=== Section Start ===

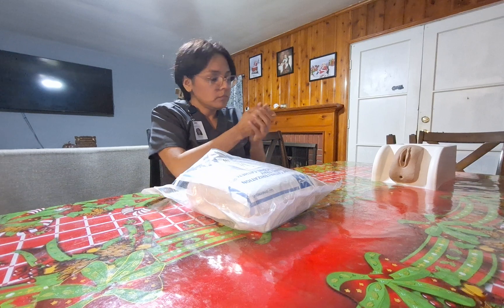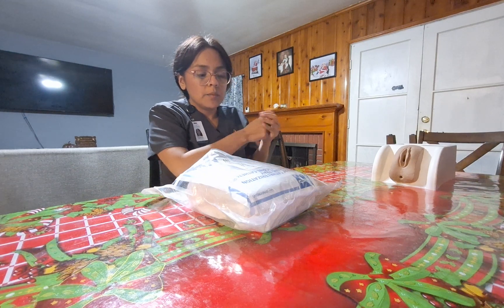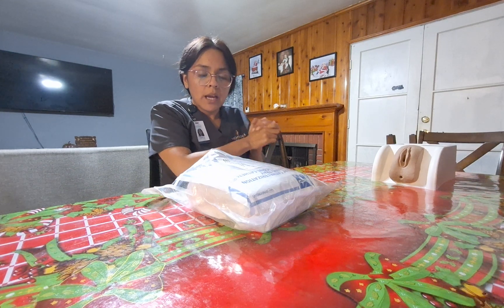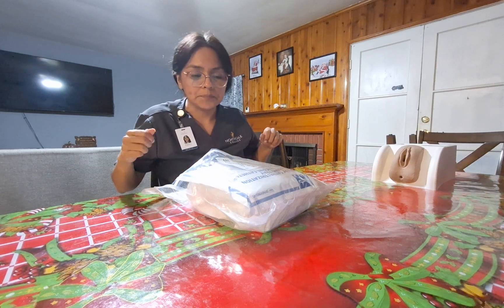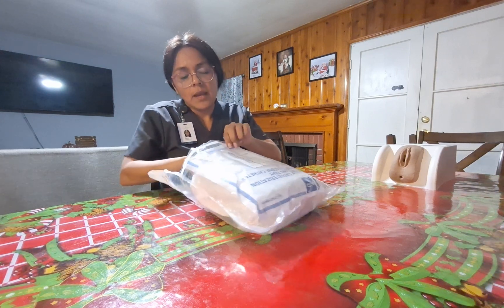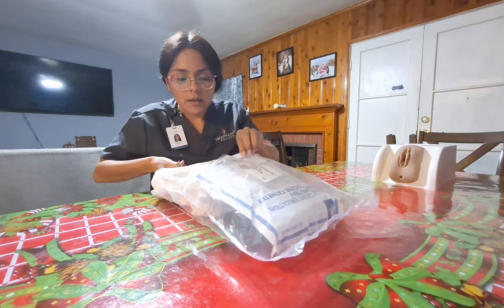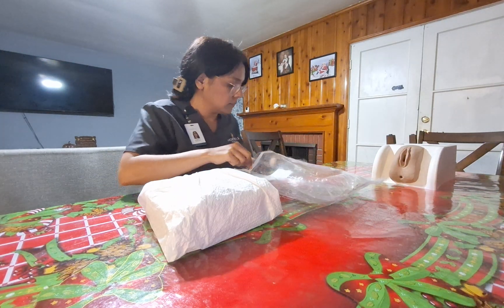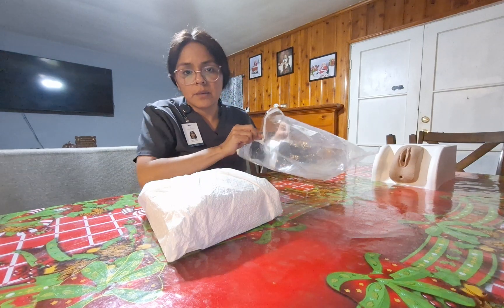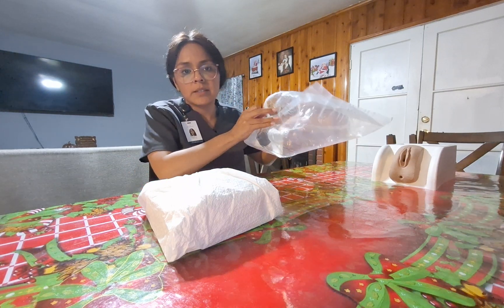I will throw these gloves away and perform hand hygiene. This is a Foley catheter sterile kit and I'm going to follow sterility protocol. I will toss the outer packaging away and use this as a receptacle, saving it here to the side.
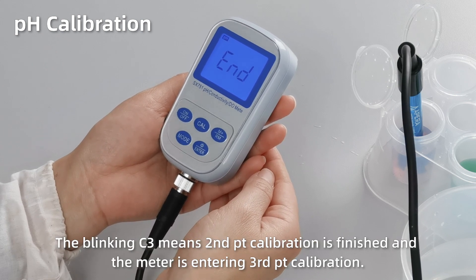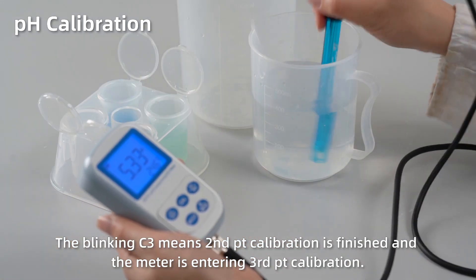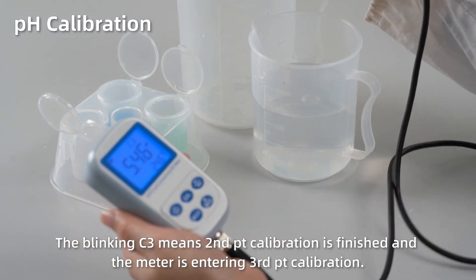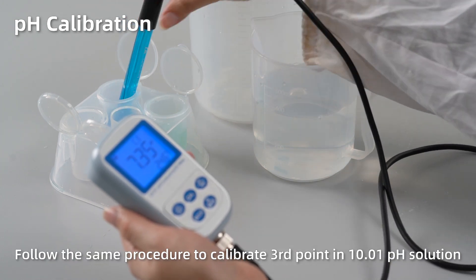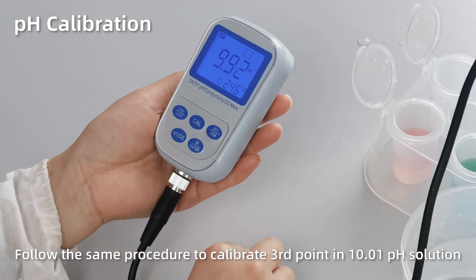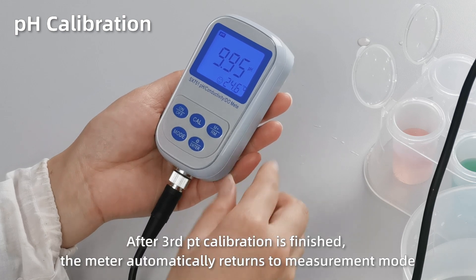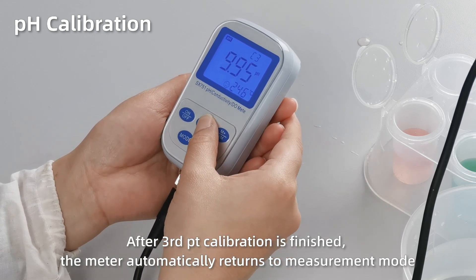The blinking C3 means the second point calibration is finished and the meter is entering third point calibration. Follow the same procedure to calibrate the third point in pH 10 solution. After it's finished, the meter automatically returns to measurement mode.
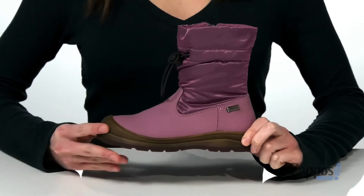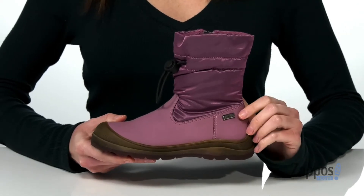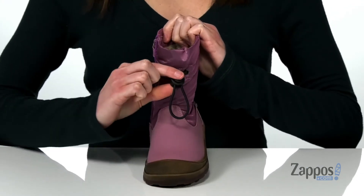Heya, I'm Zoe from Zappos, and we're checking out these boots from Naturino. These boots are perfect for playing in the snow. The exterior is durable and features their rain step protection, so they're entirely waterproof. There's a bungee lace-up at the front.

=== Section End ===

*PROBLEM REQUIREMENTS:* When a line carries an image, skip the image and repeat everything else above exactly as written.

*THE COMPLETED TASK:*
I will throw these gloves away and perform hand hygiene. This is a Foley catheter sterile kit and I'm going to follow sterility protocol. I will toss the outer packaging away and use this as a receptacle, saving it here to the side.
The blinking C3 means the second point calibration is finished and the meter is entering third point calibration. Follow the same procedure to calibrate the third point in pH 10 solution. After it's finished, the meter automatically returns to measurement mode.
Heya, I'm Zoe from Zappos, and we're checking out these boots from Naturino. These boots are perfect for playing in the snow. The exterior is durable and features their rain step protection, so they're entirely waterproof. There's a bungee lace-up at the front.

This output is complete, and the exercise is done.